2. Previous treatment with CDK8-targeted therapy.
3. Patients who have undergone major surgery within 28 days prior to first dose of study
drug.
4. Hematopoietic stem cell transplant within 120 days prior to first dose of study drug.
5. Active Grade 2-4 acute graft versus host disease (GVHD), active moderate-to-severe
chronic GVHD, or requirement for systemic immunosuppressive medications for GVHD.
6. Evidence of ongoing and uncontrolled systemic bacterial, fungal, or viral infection.
7. Known seropositivity or history of active viral infection with human immunodeficiency
virus (HIV).
8. Ongoing significant liver disease such as cirrhosis, drug-induced liver injury, active
hepatitis or chronic persistent hepatitis B and/or C.
9. Impairment of gastrointestinal function or gastrointestinal disease that may
significantly alter the absorption of SEL120 (e.g. active inflammatory bowel disease,
ulcerative disease, malabsorption syndrome, short bowel syndrome, uncontrolled nausea,
vomiting or diarrhea).
10. Ongoing drug-induced pneumonitis.
11. Concurrent participation in another investigational clinical trial.
12. Taking any medications, herbal supplements or other substances (including smoking)

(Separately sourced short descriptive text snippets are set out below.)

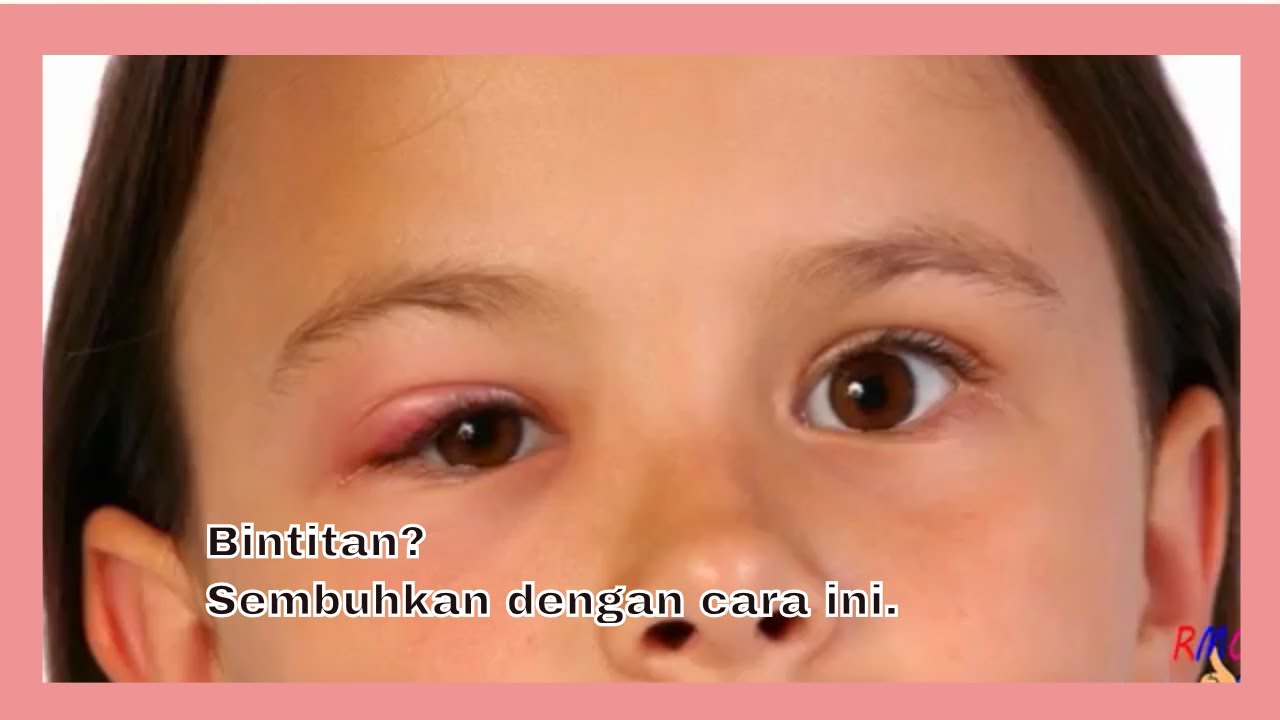 BINTITAN! | Bagaimana Cara Mengatasi Benjolan di Kelopak Mata?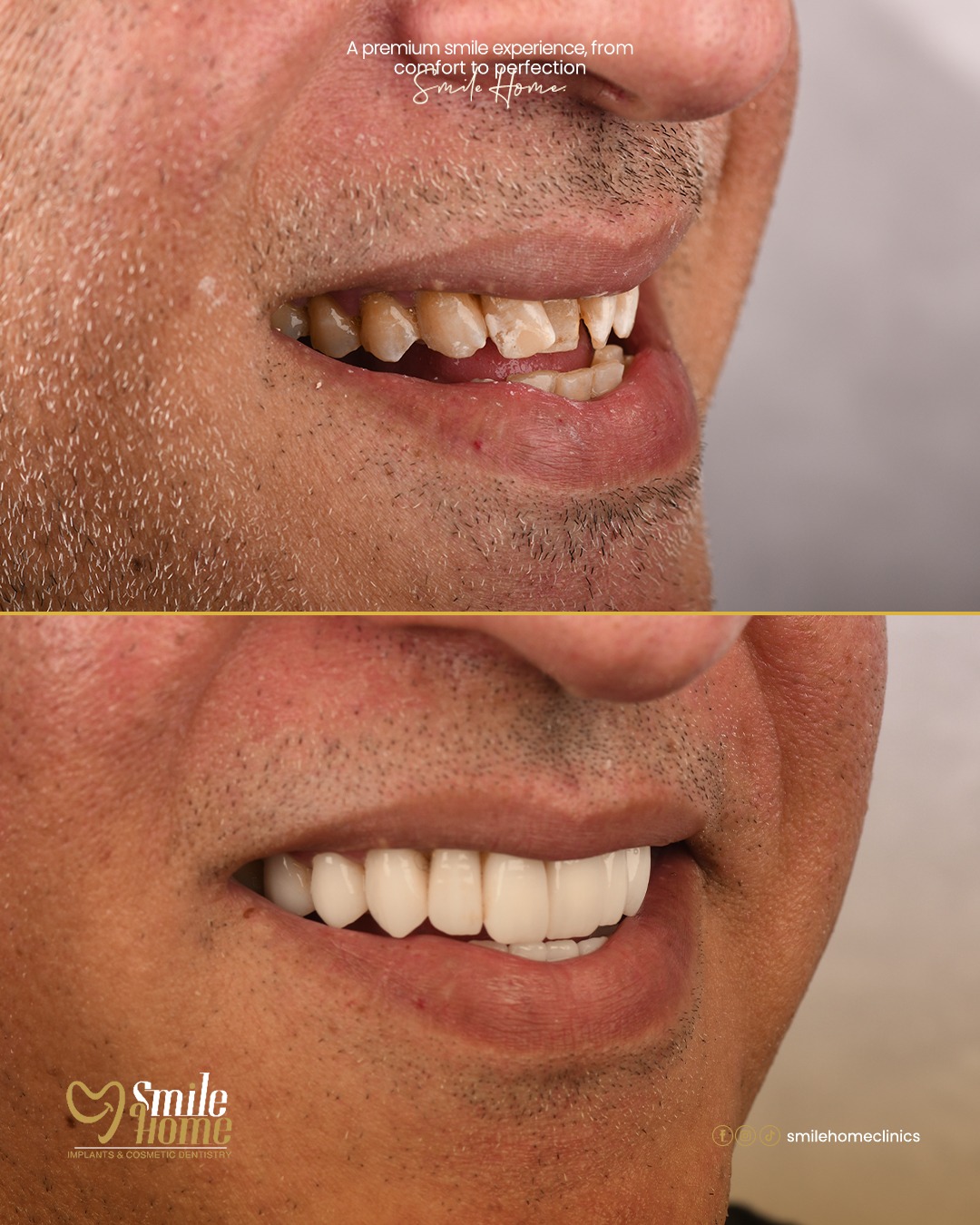 Fixed prosthesis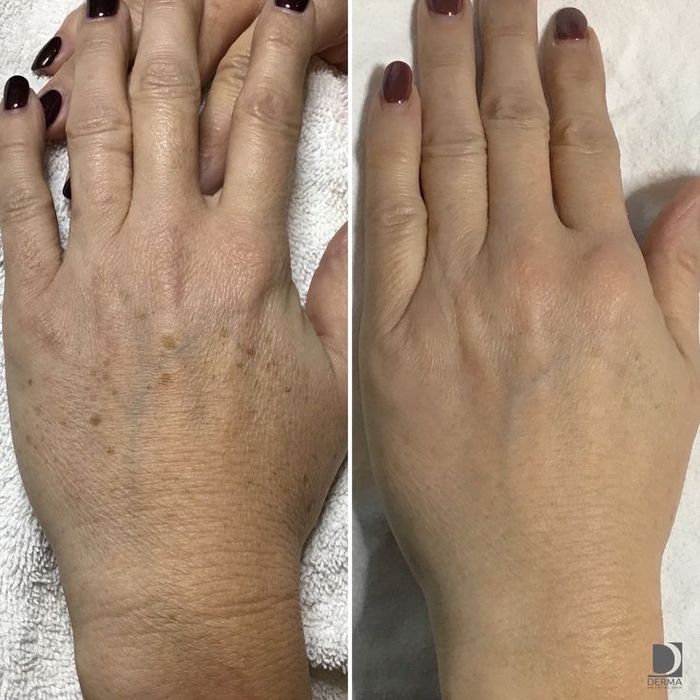 Врач Дерматолог-Косметолог |Чистка лица | Профессиональные процедуры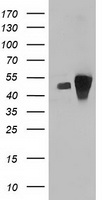 ARFGAP1 Antibody - HEK293T cells were transfected with the pCMV6-ENTRY control (Left lane) or pCMV6-ENTRY ARFGAP1 (Right lane) cDNA for 48 hrs and lysed. Equivalent amounts of cell lysates (5 ug per lane) were separated by SDS-PAGE and immunoblotted with anti-ARFGAP1.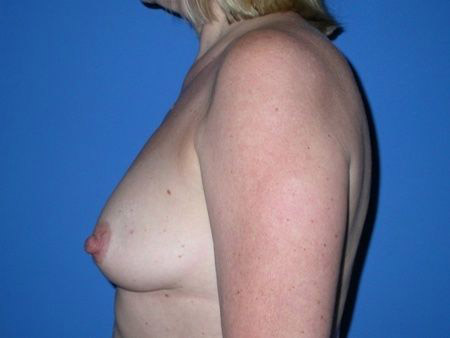 breast reconstruction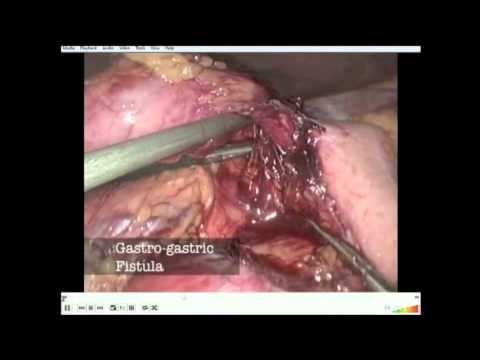 Laparoscopic Revision of Roux-En-Y Gastric Bypass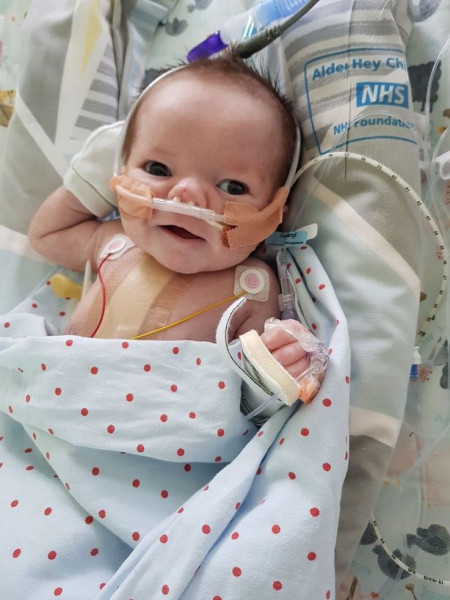 "الرضيع المعجزة" نجا من 25 نوبة قلبية في يوم واحد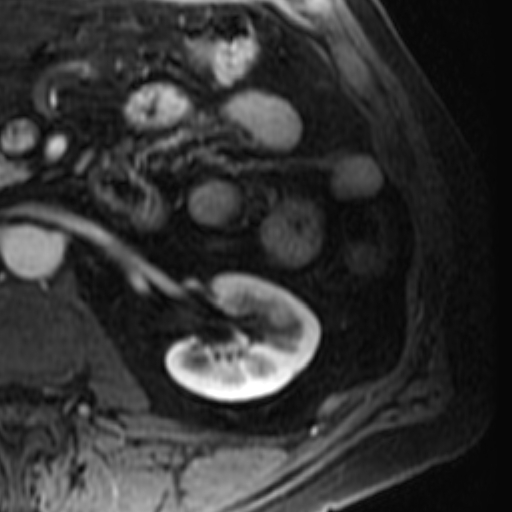 File:Atypical renal cyst on MRI (Radiopaedia 17349-17046 C 18).jpg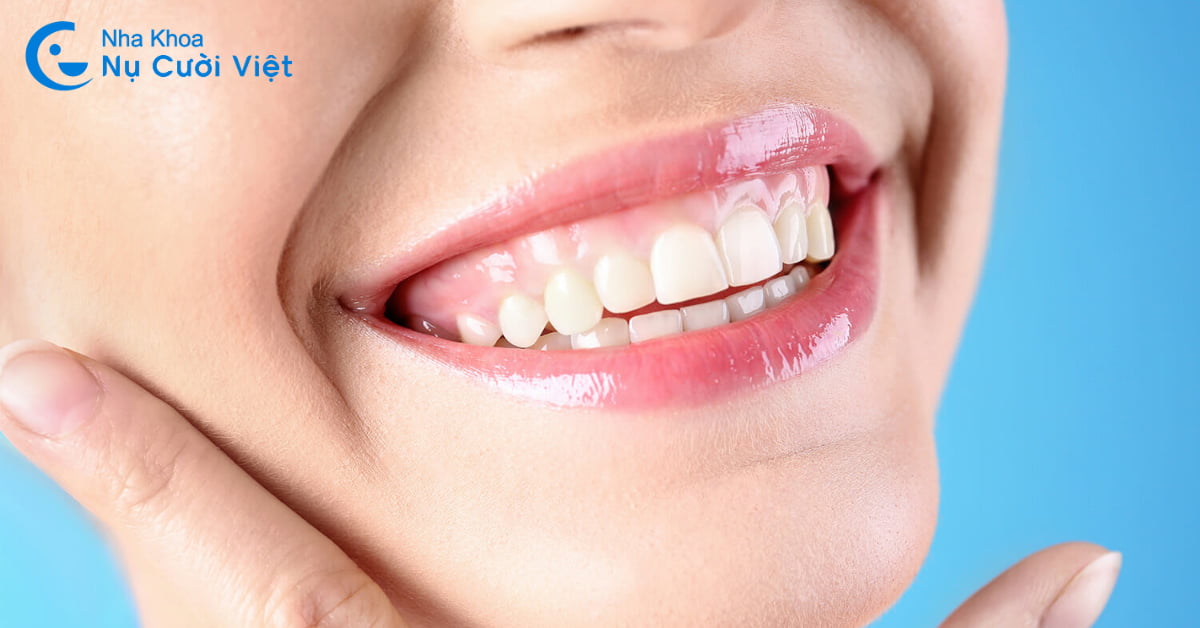 [BẠN CẦN BIẾT] Cách chữa cười hở lợi được ưa chuộng nhất hiện nay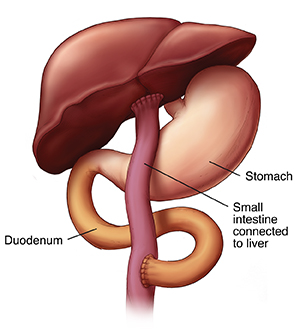 Front view of liver, and stomach showing small intestine connected to liver after Kasai Procedure.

that are known to be strong inhibitors or inducers of CYP1A2 or that can prolong Q
wave to T wave (QT) interval and/or cause torsade de pointes within less than 2 weeks
or 5 half-lives, whichever is shorter, prior to first dose of study drug.
13. Significant cardiac dysfunction defined as myocardial infarction within 12 months of
first dose of study drug, New York Heart Association (NYHA) Class III or IV heart
failure, uncontrolled dysrhythmias, or poorly controlled angina.
14. Personal or family history of serious ventricular arrhythmia, or QT interval corrected
for heart rate (QTc) ≥450 ms (Bazett's formula).
15. Any other prior or current medical condition, intercurrent illness, surgical history,
physical or electrocardiogram (ECG) findings, laboratory abnormalities, or extenuating
circumstance (e.g. alcohol or drug addiction) that, in the Investigator's opinion,
could jeopardize patient safety or interfere with the objectives of the study.
16. Prior history of malignancies other than AML or MDS, unless the patient has been free
of the disease for 5 years or more prior to Screening. Exceptions to the ≥5-year time
limit include history of the following:
1. basal cell carcinoma of the skin;
2. non-metastatic squamous cell carcinoma of the skin;
3. carcinoma in situ of the cervix;
4. carcinoma in situ of the breast;
5. carcinoma in situ of the bladder; and
6. incidental histological finding of prostate cancer (Tumor/Node/Metastasis [TNM]
stage of T1a or T1b).
17. Pregnant or breast-feeding females.